Latest filings in Greitens case lay out strategies as trial approaches

The Carnahan Courthouse is one of two courthouses in the 22nd Judicial Circuit, which is the city of St. Louis
File photo | Rachel Lippmann | St. Louis Public Radio
New documents filed in the run-up to the felony trial of Gov. Eric Greitens show the legal strategies both sides will be deploying.

Attorneys for Gov. Eric Greitens want a St. Louis circuit judge to throw out almost all the evidence prosecutors have in the felony invasion of privacy case against him.

A computer glitch had kept the documents from being accessed publicly until Wednesday. Reporters were allowed to review them in the courthouse but could not print copies.

Greitens has pleaded not guilty to taking a semi-nude photo of the woman with whom he had an affair back in 2015. The defense again asked Judge Rex Burlison to throw the entire case out before the trial starts, saying there is still no evidence the alleged photo exists.

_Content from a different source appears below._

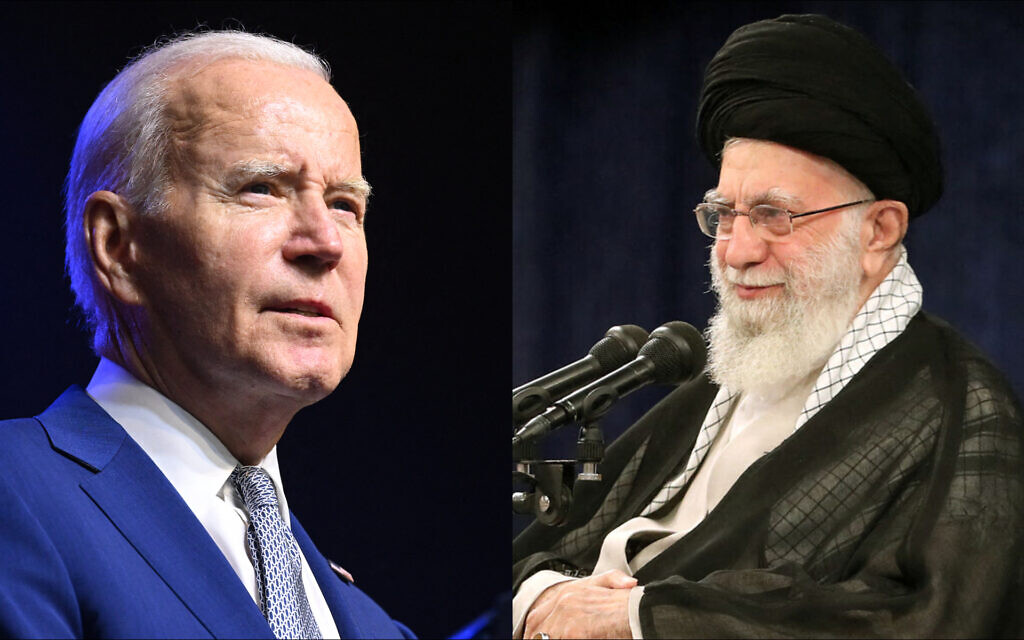 Left: US President Joe Biden holds a press conference in Hanoi, Vietnam, on September 10, 2023 (SAUL LOEB / AFP); Right: Iran's Supreme Leader Ayatollah Ali Khamenei speaking before students and clerics during a rally in Tehran on July 12, 2023. (KHAMENEI.IR / AFP) Left: US President Joe Biden holds a press conference in Hanoi, Vietnam, on September 10, 2023 (SAUL LOEB / AFP); Right: Iran's Supreme Leader Ayatollah Ali Khamenei speaking before students and clerics during a rally in Tehran on July 12, 2023. (KHAMENEI.IR / AFP)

The defense has also tried to prevent that woman — identified only as K.S. — and one of her friends from testifying at trial because they were interviewed by William Tisaby, a controversial investigator hired by Circuit Attorney Kim Gardner. Tisaby allegedly made false statements during his initial deposition in April, which prompted Judge Rex Burlison to order a second interview.

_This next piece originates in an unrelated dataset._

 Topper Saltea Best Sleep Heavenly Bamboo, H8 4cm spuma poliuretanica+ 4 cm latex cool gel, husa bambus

Tisaby invoked his Fifth Amendment right against self-incrimination earlier this week. Greitens’ attorneys said that prevents them from knowing several critical facts, including what other evidence Tisaby might have that could help the governor.

“The inability to cure sanctionable misconduct because Tisaby will not answer any more questions demands the striking and prohibition of the testimony of witnesses that Tisaby has tainted,” the defense wrote, adding that this marked Gardner’s “third strike.”

Greitens’ team also wants to throw out the testimony of three expert witnesses — an out-of-state law professor and two electrical engineers. Gardner hired the engineers to explain how the woman knew the photo was taken in the first place, and that it was then transmitted. But the governor’s attorneys say the electrical engineers aren’t qualified to give the testimony they want to, and therefore shouldn’t be involved in the case. The law professor, they said, has admitted to having no opinion about the case.

The governor’s attorneys have also asked the judge to keep out audio recordings made by K.S.’ ex-husband, which are at the center of a separate controversy. They also want Burlison to prevent the prosecution from calling K.S. a “victim.” She was a willing participant in a consensual extramarital affair, they wrote, and never filed a police report. They also want to be able to refer to all witnesses by their full names.

Prosecutors have asked Burlison to prevent the defense from asking K.S. about past sexual conduct and counseling under Missouri’s rape shield law. Although the law does not cover invasion of privacy, the state wrote, “the very nature of the defendant’s conduct is sexually abusive as a form of involuntary pornography. The case involves conduct of a type that is clearly intended to be covered by the spirit of rape shield.”

Burlison will likely hear arguments on most, if not all, of the requests on Monday. Reporters still have yet to view several documents, including some filed by the state.

Jury selection is set to begin May 10.